Visible-light-driven hydrogen evolution using nitrogen-doped carbon quantum dot-implanted polymer dots as metal-free photocatalysts

Given the photocatalytic properties of semiconducting polymers and carbon quantum dots (CQDs), we report a new structure for a metal-free photocatalytic system with a promising efficiency for hydrogen production through the combination of an organic semiconducting polymer (PFTBTA) and N-doped carbon quantum dots (NCQDs) covered by PS-PEGCOOH to produce heterostructured photocatalysts in the form of polymer dots (Pdots). This design could provide strong interactions between the two materials owing to the space confinement effect in nanometer-sized Pdots. Small particle size NCQDs are easy to insert inside the Pdot, which leads to an increase in the stability of the Pdot structure and enhances the hydrogen evolution rate by approximately 5-fold over that of pure PFTBTA Pdots.
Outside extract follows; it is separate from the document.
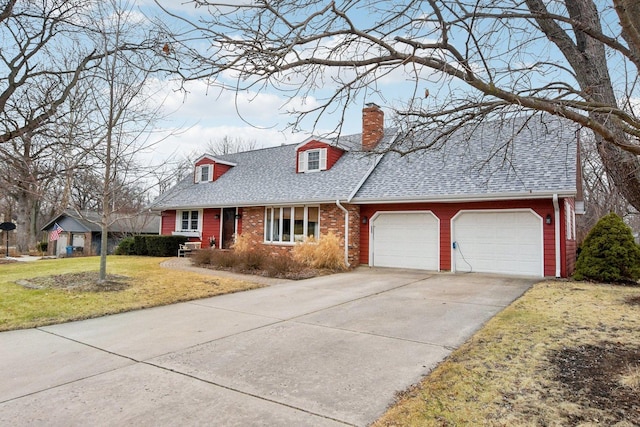 cape cod home featuring a garage and a front lawn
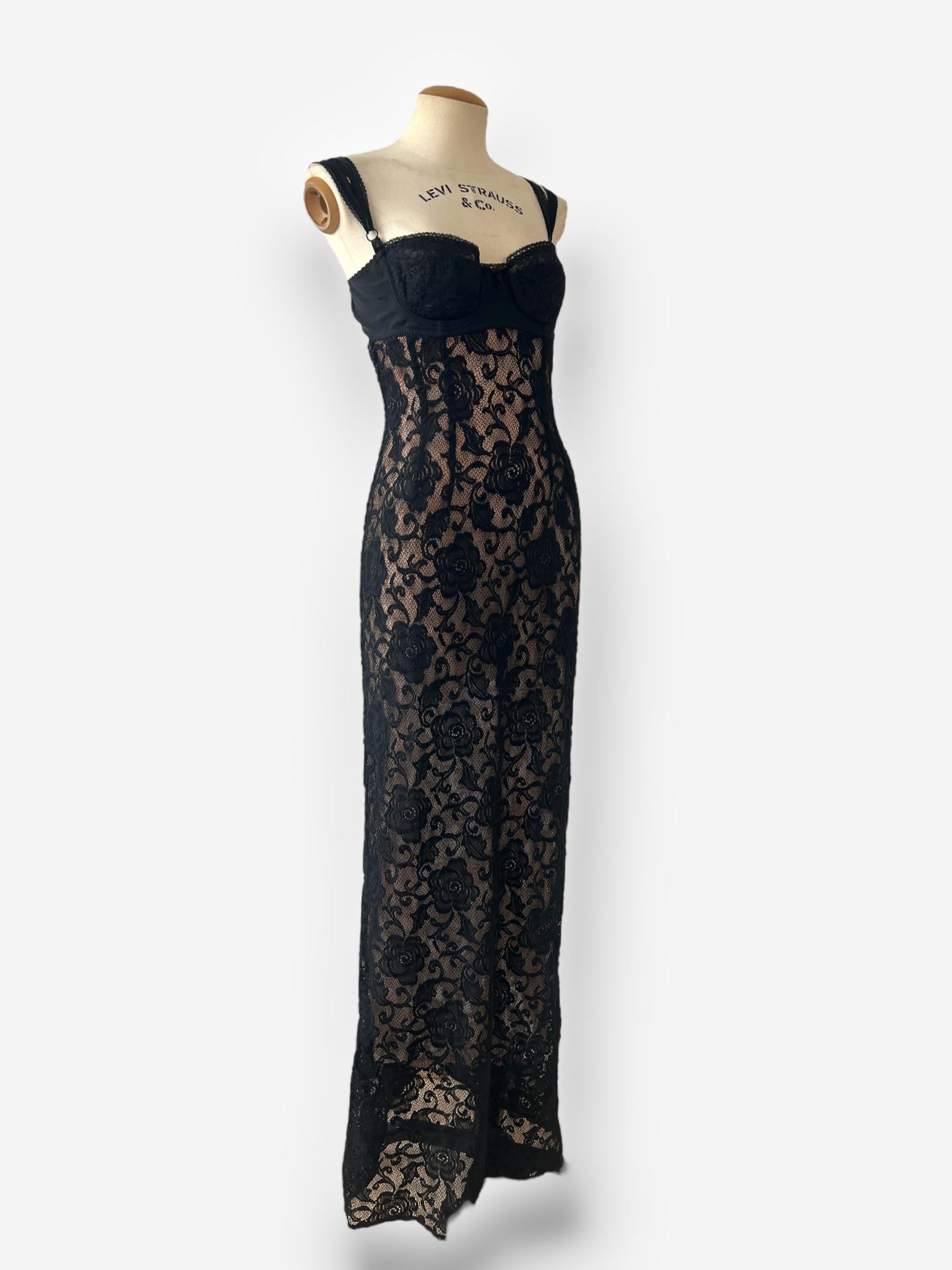 Dieses atemberaubende Vintage-Meisterwerk aus der kultigen Frühjahr/Sommer-Kollektion 1997 von Dolce & Gabbana ist ein schwarzes Spitzen-Maxikleid, das Eleganz und subtile Sinnlichkeit perfekt ausbalanciert. Das Kleid verfügt über einen angenähten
The photophysics and the mechanism behind the catalytic activity of our design are investigated by transient absorption measurement, demonstrating the role of NCQDs to enhance the charge separation and the photocatalytic efficiency of the PFTBTA Pdot.

Automated summary

This study presents a metal-free photocatalytic system structure with promising efficiency for hydrogen production by combining an organic semiconducting polymer and N-doped carbon quantum dots to form polymer dots. The design enhances charge separation and photocatalytic efficiency, leading to increased hydrogen evolution rate by approximately 5-fold. Through transient absorption measurement, the role of N-doped carbon quantum dots in enhancing the catalytic activity of the organic semiconducting polymer dots is investigated.